TASK STATEMENT:
Starting from the line with "Hi guys, welcome" and going up to and including the line with "The furniture item probably, because", copy the listing below exactly. Leave all images out.

[[ EXERCISE DATA, beginning ]]

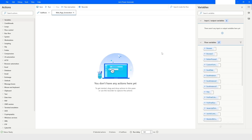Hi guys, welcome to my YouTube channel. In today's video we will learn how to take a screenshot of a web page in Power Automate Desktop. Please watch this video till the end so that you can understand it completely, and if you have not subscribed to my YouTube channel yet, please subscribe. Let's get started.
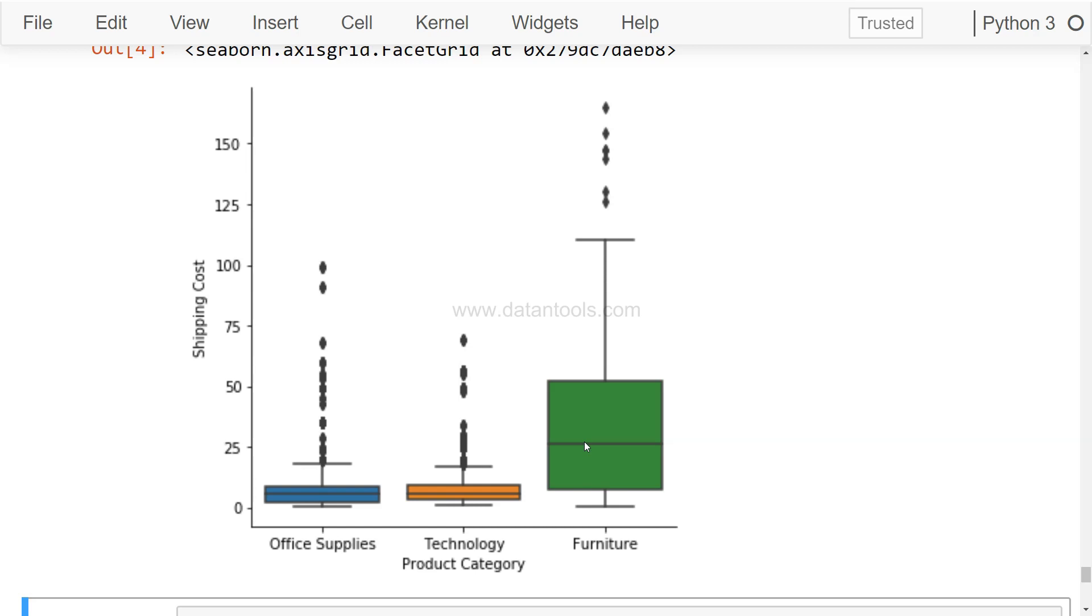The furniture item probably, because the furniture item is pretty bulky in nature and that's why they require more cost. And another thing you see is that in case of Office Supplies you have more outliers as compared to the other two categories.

[[ EXERCISE DATA, end ]]
[[ EXERCISE DATA, beginning ]]

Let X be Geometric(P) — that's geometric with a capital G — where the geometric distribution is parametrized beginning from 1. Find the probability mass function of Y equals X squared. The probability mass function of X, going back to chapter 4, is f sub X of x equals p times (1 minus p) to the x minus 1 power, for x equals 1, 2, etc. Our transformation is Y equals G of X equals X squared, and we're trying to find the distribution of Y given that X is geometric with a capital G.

[[ EXERCISE DATA, end ]]
[[ EXERCISE DATA, beginning ]]

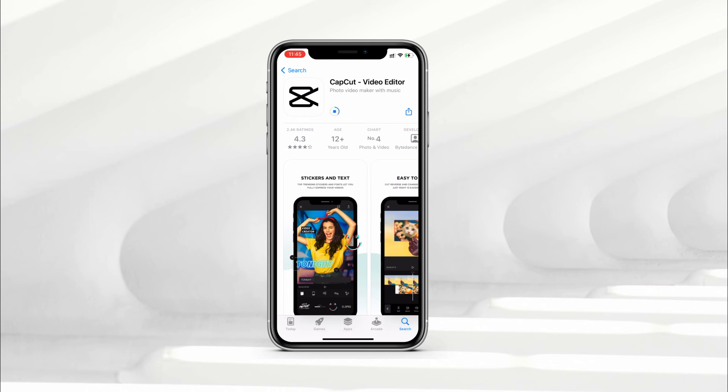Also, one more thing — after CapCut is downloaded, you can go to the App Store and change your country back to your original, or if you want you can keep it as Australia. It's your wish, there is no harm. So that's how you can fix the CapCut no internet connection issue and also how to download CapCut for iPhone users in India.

[[ EXERCISE DATA, end ]]

TASK OUTPUT:
Hi guys, welcome to my YouTube channel. In today's video we will learn how to take a screenshot of a web page in Power Automate Desktop. Please watch this video till the end so that you can understand it completely, and if you have not subscribed to my YouTube channel yet, please subscribe. Let's get started.
The furniture item probably, because the furniture item is pretty bulky in nature and that's why they require more cost. And another thing you see is that in case of Office Supplies you have more outliers as compared to the other two categories.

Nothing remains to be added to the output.